To expand the reach of his idea, and more efficiently collect and disseminate information, Dr. Mukhebi has created a technology-based distribution system through partnerships with the leading service providers of ICTs in Kenya. His partners’ services cover nearly all of Kenya and provide viable media to reach farmers in the most remote areas of the country. Through partnership with Safaricom, the leading mobile phone service provider in Kenya, Dr. Mukhebi is able to collect and disseminate information through short message service (SMS) via mobile phones. The partnership with the Safaricom Limited, the leading mobile phone service provider in Kenya, also makes cell phones affordable to farmers through a cost-sharing agreement in which farmer groups pool money to cover half the cost of a phone, and KACE subsidizes the other half. Over 120 farmer groups now have cell phones, allowing them to receive text messages from KACE of relevant and timely market information from local, domestic, regional and international markets.

To cover the cost of the information system and that of continually updating it, Dr. Mukhebi negotiated a revenue-sharing agreement with Safaricom such that KACE receives 10 percent of the revenue on each SMS message downloaded by farmers accessing KACE’s market information system. Traffic is currently at 5,000 SMS messages a month.

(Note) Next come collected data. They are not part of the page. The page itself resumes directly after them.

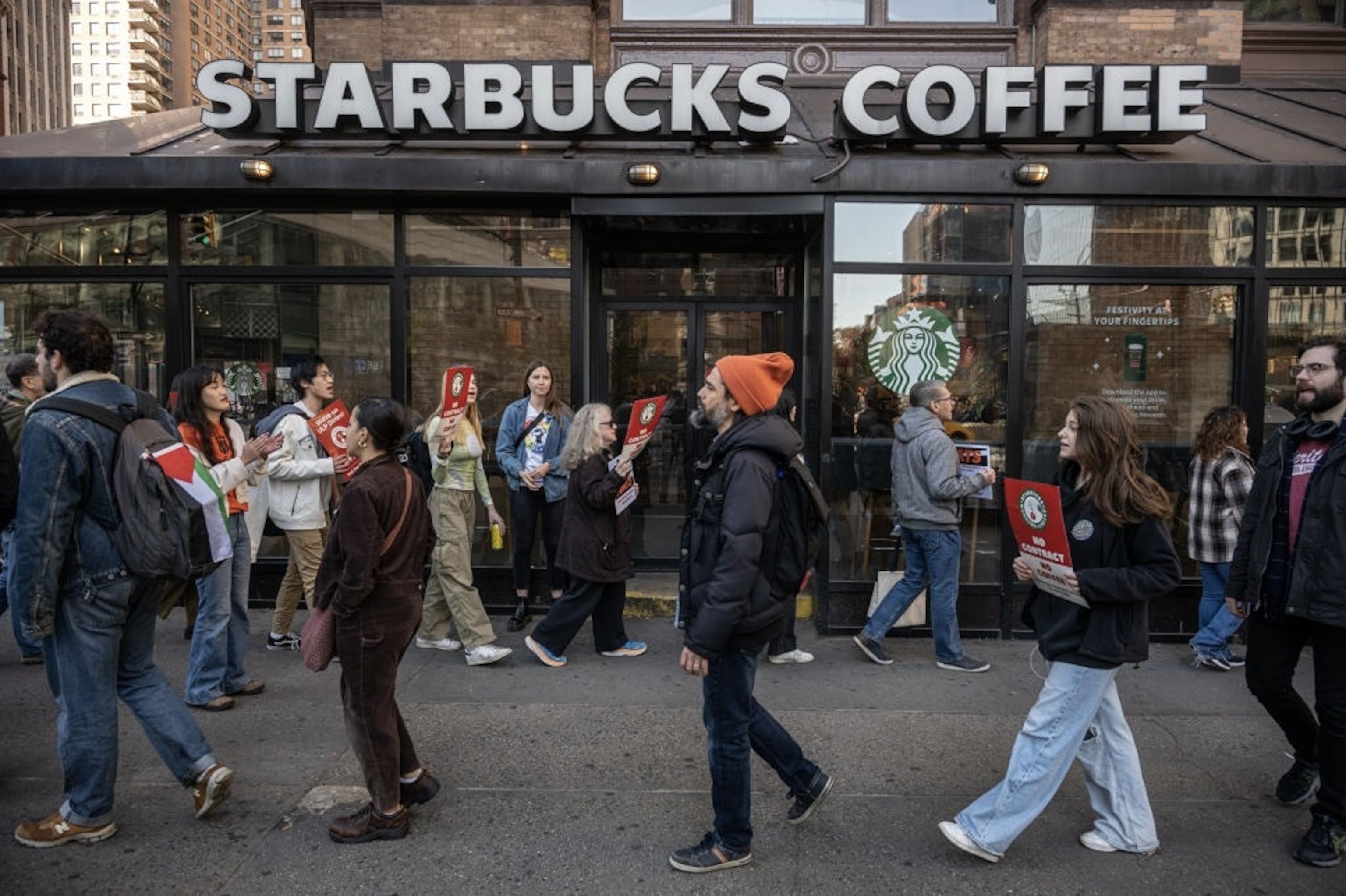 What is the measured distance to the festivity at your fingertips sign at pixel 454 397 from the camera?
593 centimetres

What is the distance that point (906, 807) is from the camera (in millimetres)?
4035

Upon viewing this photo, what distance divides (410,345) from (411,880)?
197 inches

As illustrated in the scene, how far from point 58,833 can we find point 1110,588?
421 cm

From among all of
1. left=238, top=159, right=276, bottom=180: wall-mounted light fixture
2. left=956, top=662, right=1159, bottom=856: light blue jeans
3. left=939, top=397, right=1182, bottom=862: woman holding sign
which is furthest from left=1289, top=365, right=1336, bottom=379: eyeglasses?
left=238, top=159, right=276, bottom=180: wall-mounted light fixture

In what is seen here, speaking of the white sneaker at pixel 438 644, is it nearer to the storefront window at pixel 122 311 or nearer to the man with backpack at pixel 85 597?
the man with backpack at pixel 85 597

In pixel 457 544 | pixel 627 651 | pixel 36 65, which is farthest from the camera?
pixel 36 65

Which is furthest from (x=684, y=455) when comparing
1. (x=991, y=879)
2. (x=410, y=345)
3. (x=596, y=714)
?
(x=991, y=879)

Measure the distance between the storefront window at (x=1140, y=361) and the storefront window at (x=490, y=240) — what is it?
151 inches

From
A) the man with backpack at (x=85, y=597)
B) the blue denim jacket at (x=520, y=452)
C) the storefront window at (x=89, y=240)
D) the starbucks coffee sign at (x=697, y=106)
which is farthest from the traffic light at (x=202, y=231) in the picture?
the man with backpack at (x=85, y=597)

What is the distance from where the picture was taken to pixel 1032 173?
21.8ft

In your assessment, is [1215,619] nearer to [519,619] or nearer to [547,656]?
[547,656]

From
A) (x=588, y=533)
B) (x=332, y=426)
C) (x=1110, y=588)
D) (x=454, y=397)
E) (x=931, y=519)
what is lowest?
(x=588, y=533)

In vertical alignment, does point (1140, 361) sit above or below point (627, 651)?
above

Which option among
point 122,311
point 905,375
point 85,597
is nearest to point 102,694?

Farmers and buyers who are not near an MIP and do not have a cell phone can access the same information via an Interactive Voice Response (IVR) hotline. Through a partnership with another leading telecommunications service provider, the Interactive Media Services Limited, KACE has created a program that automatically transfers the information available through SMS to the IVR hotline. Through this service, available in both English and Swahili, farmers call in, can choose language, commodity, and market and get information tailored to their choices on voice mail. KACE has 20 percent revenue sharing on all calls placed, of which there are currently 1,500 a month.

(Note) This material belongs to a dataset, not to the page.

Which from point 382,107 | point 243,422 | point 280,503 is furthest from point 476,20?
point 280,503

The KACE market information system has shown remarkable results in the areas where it has been piloted. In Bungoma District of western Kenya during the 2004-2005 crop season, farmers who utilized the system sold their maize crop at prices 22 percent higher than farmers who did not use the system. During the same harvest season the average price for a 90-kilograms bag of maize rose 150 percent to US$16.25 compared to the previous season’s price of US$13.33. Although these improvements in prices cannot be solely attributed to the market information system, it is clear that it is having a positive impact on prices for farmers. In addition, twelve month data showed a growing convergence of prices between urban and rural areas, implying an increasing fairness in rural purchasing prices. Dr. Mukhebi has also found that the system facilitates greater participation of women in trading: with the introduction of these services, 29 percent of the system’s users engaged in commodity trading are now women, compared to 14 percent women before.

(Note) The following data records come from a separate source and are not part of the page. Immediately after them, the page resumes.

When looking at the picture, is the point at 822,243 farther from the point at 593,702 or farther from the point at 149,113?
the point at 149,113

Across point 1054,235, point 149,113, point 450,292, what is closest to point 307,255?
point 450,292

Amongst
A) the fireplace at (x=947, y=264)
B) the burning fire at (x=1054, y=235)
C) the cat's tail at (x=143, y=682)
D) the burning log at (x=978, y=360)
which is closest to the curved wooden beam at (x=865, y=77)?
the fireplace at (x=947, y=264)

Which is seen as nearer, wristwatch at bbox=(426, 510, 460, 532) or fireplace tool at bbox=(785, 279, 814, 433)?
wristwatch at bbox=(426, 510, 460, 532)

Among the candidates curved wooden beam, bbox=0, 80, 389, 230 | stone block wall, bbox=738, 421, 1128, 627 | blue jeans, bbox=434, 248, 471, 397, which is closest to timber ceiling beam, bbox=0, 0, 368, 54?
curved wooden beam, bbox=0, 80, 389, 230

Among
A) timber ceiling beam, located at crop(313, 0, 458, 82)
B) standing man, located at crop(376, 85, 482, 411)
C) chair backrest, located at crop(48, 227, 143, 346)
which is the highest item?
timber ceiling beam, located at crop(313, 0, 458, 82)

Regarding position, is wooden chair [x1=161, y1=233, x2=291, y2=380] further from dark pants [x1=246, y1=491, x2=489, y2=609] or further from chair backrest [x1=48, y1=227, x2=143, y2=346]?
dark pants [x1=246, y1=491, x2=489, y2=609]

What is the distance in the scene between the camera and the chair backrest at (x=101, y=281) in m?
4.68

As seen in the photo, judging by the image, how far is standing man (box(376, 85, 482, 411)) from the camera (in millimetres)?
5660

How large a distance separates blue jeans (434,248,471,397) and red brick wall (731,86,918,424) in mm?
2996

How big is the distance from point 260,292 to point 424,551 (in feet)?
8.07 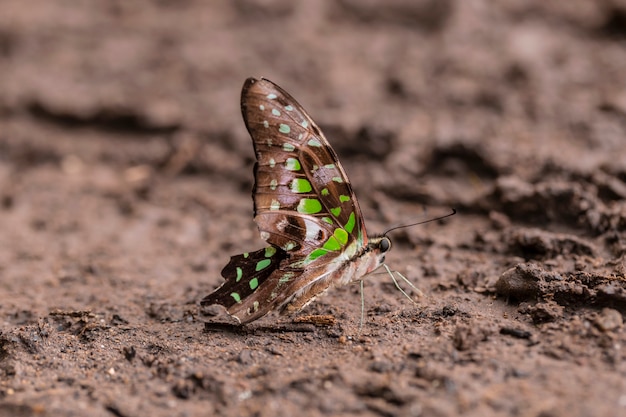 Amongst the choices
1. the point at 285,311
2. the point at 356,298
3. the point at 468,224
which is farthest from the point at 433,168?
the point at 285,311

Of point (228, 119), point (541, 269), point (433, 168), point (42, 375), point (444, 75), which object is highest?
point (444, 75)

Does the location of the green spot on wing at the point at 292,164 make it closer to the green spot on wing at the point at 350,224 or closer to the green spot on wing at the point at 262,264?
the green spot on wing at the point at 350,224

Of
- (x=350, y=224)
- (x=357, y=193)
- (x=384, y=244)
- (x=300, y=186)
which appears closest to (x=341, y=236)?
(x=350, y=224)

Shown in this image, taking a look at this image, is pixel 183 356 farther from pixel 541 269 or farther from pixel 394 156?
pixel 394 156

Supporting an extensive network is a foreseeable challenge for KACE. Dr. Mukhebi started KACE with personal savings and never intended to have the system dependent on donor funding. The system is all fee-for-service, though fees vary across the clientele, depending on location and the scale of production or purchase. A large-scale farmer, middleman, or consumer who buys in bulk and accesses the information in the capital city pays 500 Ksh (US$6.67) to place an offer or bid. A small-scale farmer who accesses information at a rural MIP pays only 100 Ksh (US$1.33). KACE also collects commission on successful transactions that accrue to the use of the market information system. The commission varies between 0.5 and 5 percent depending on the volume of the transaction. Through these fees and commission, Dr. Mukhebi expects that each new MIP can become self-sustaining in six to seven years. Through the revenue sharing with Safaricom, the SMS system will fully cover its costs once it reaches 100,000 messages per month.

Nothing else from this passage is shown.